You are describing your specific implementation. That may not apply to
others. What you are defining as the differences of VMDq and SR-IOV
are not the same as other vendors.

You are essentially arguing implementation semantics, if it is
configured by the driver or firmware it doesn't really make any
difference. Being fully isolated versus only logically isolated only
really matters in terms of direct assignment. In the grand scheme of
things the only real difference between SR-IOV and VMDq is the
spawning of the PCIe device with its own BAR to access the resources.
Isolating the queues to their own 4K bounded subset of a BAR is pretty
straightforward and I assume that and the firmware is what is giving
you most of your isolation in this case.

> > > > However
> > > > one downside is that we are going to end up seeing each
> > > > subfunction
> > > > being different from driver to driver and vendor to vendor which
> > > > I
> > > > would argue was also one of the problems with SR-IOV as you end
> > > > up
> > > > with a bit of vendor lock-in as a result of this feature since
> > > > each
> > > > vendor will be providing a different interface.
> > > >
> > >
> > > I disagree, SFs are tightly coupled with switchdev model and
> > > devlink
> > > functions port, they are backed with the a well defined model, i
> > > can
> > > say the same about sriov with switchdev mode, this sort of vendor
> > > lock-
> > > in issues is eliminated when you migrate to switchdev mode.
> >
> > What you are talking about is the backend. I am talking about what is
> > exposed to the user. The user is going to see a Mellanox device
> > having
> > to be placed into their container in order to support this. One of
> > the
> > advantages of the Intel approach was that the macvlan interface was
> > generic so you could have an offloaded interface or not and the user
> > wouldn't necessarily know. The offload could be disabled and the user
> > would be none the wiser as it is moved from one interface to another.
> > I see that as a big thing that is missing in this solution.
> >
>
> You are talking about the basic netdev users, Sure there are users who
> would want a more generic netdev, so yes. but most of my customers are
> not like that, they want vdpa/rdma and heavy netdev offload such as
> encap/decap/crypto and driver xdp in their containers, the SF approach
> will make more sense to them than sriov and VMDq.
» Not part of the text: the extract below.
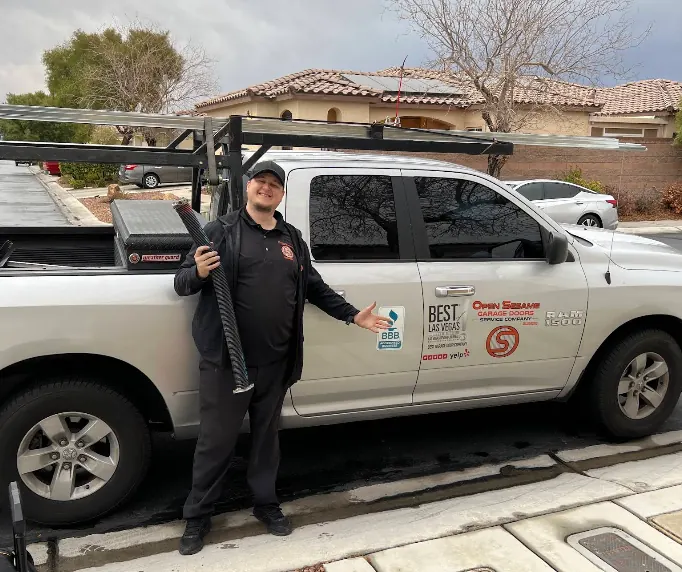 Open Sesame garage door repair technician with the company truck at a Las Vegas home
I am talking about my perspective. From what I have seen, one-off
features that are only available from specific vendors are a pain to
deal with and difficult to enable when you have to support multiple
vendors within your ecosystem. What you end up going for is usually
the lowest common denominator because you ideally want to be able to
configure all your devices the same and have one recipe for setup.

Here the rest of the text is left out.